Why I obtained different results than you and other in the GridSearchCV?

echidne · 20 June 2021 14:05

Hi,
when i take a look to results shown by others and your solution I see I obtained differents results but I do not know why.
My results :
result gridsearchcv wrapu quizz module 3

You say

Models with any preprocessor and n_neighbors=101 are in the range 0.80 to 0.88.

but as you can see on my table me I have scores ranged from 0.87 to 0.91.

My code :

from sklearn.preprocessing import MinMaxScaler
from sklearn.preprocessing import QuantileTransformer
from sklearn.preprocessing import PowerTransformer


all_preprocessors = [
    None,
    StandardScaler(),
    MinMaxScaler(),
    QuantileTransformer(n_quantiles=100),
    PowerTransformer(method="box-cox"),
]

from sklearn.model_selection import GridSearchCV
param_grid ={"preprocessor": all_preprocessors, "classifier__n_neighbors": [5, 51, 101]}
search = GridSearchCV(model, param_grid, cv = 10)
search.fit(data, target)

output :

GridSearchCV(cv=10,
             estimator=Pipeline(steps=[('preprocessor', None),
                                       ('classifier', KNeighborsClassifier())]),
             param_grid={'classifier__n_neighbors': [5, 51, 101],
                         'preprocessor': [None, StandardScaler(),
                                          MinMaxScaler(),
                                          QuantileTransformer(n_quantiles=100),
                                          PowerTransformer(method='box-cox')]})

to see the table :

pd.DataFrame(search.cv_results_)[["param_classifier__n_neighbors", "param_preprocessor", "mean_test_score", "std_test_score", "rank_test_score"]].sort_values('rank_test_score')

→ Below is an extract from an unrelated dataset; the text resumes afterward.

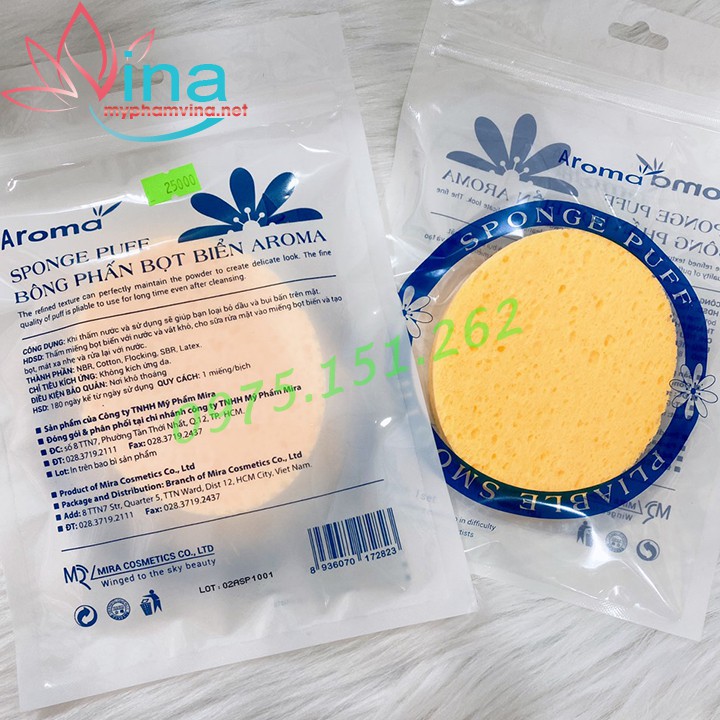 Bông rửa mặt bọt biển an toàn cho da Hàn Quốc Mira Aroma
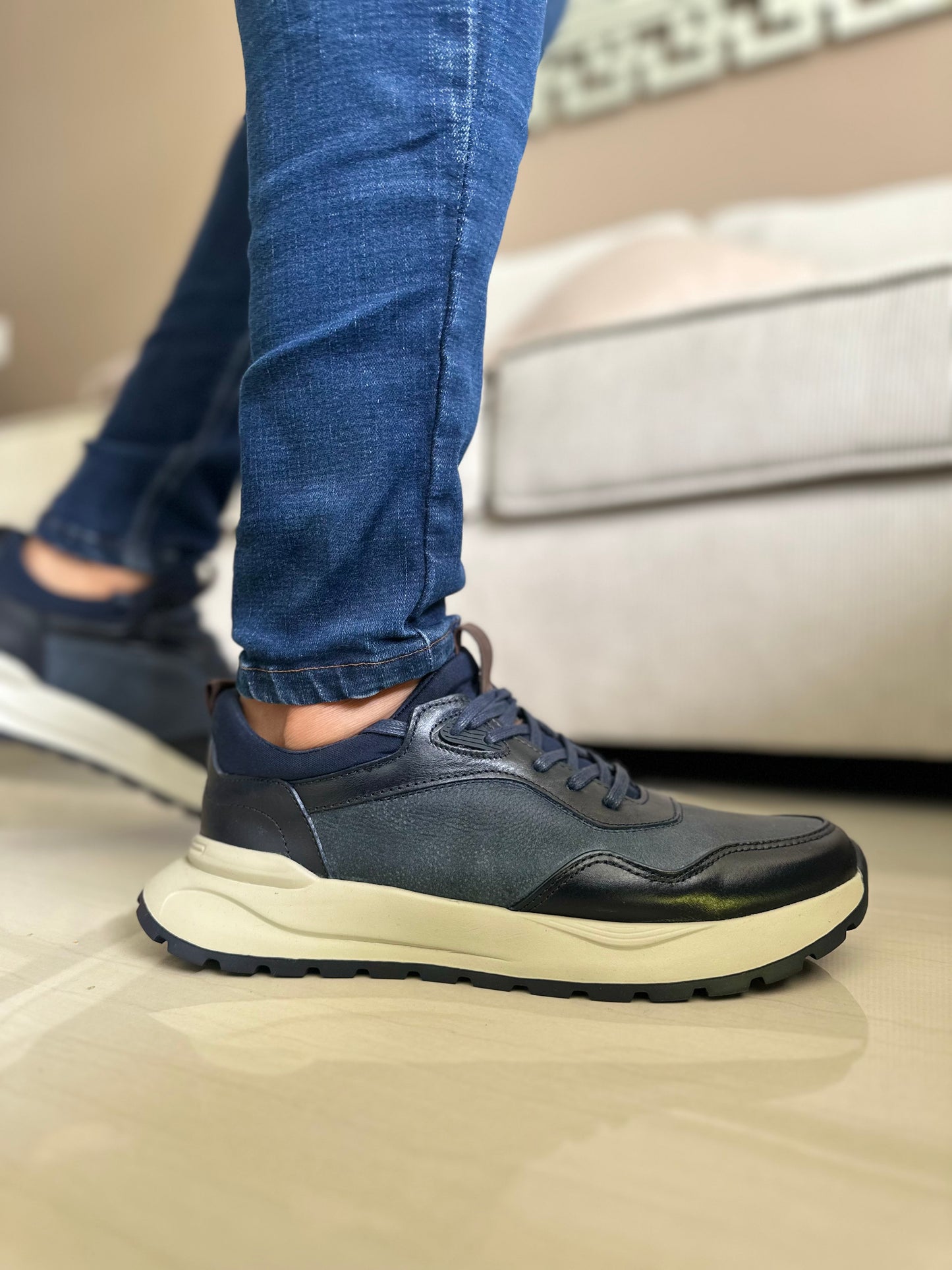 SNEAKERS BIN -CUERO REF: 3308 AZULES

ThomasLoock · 20 June 2021 14:33

Hi,
in Question 3 the task is given as

Use sklearn.model_selection.GridSearchCV to study the impact of the choice of the preprocessor and the number of neighbors on the 10-fold cross-validated balanced_accuracy metric.

This parameter is missing in your code. It should be:

search = GridSearchCV(model, param_grid=param_grid,
                          scoring="balanced_accuracy",
                          cv = 10)

echidne · 20 June 2021 17:42

Indeed I forgot to reproduce the metric in the GridSearchCV.
Thanks @ThomasLoock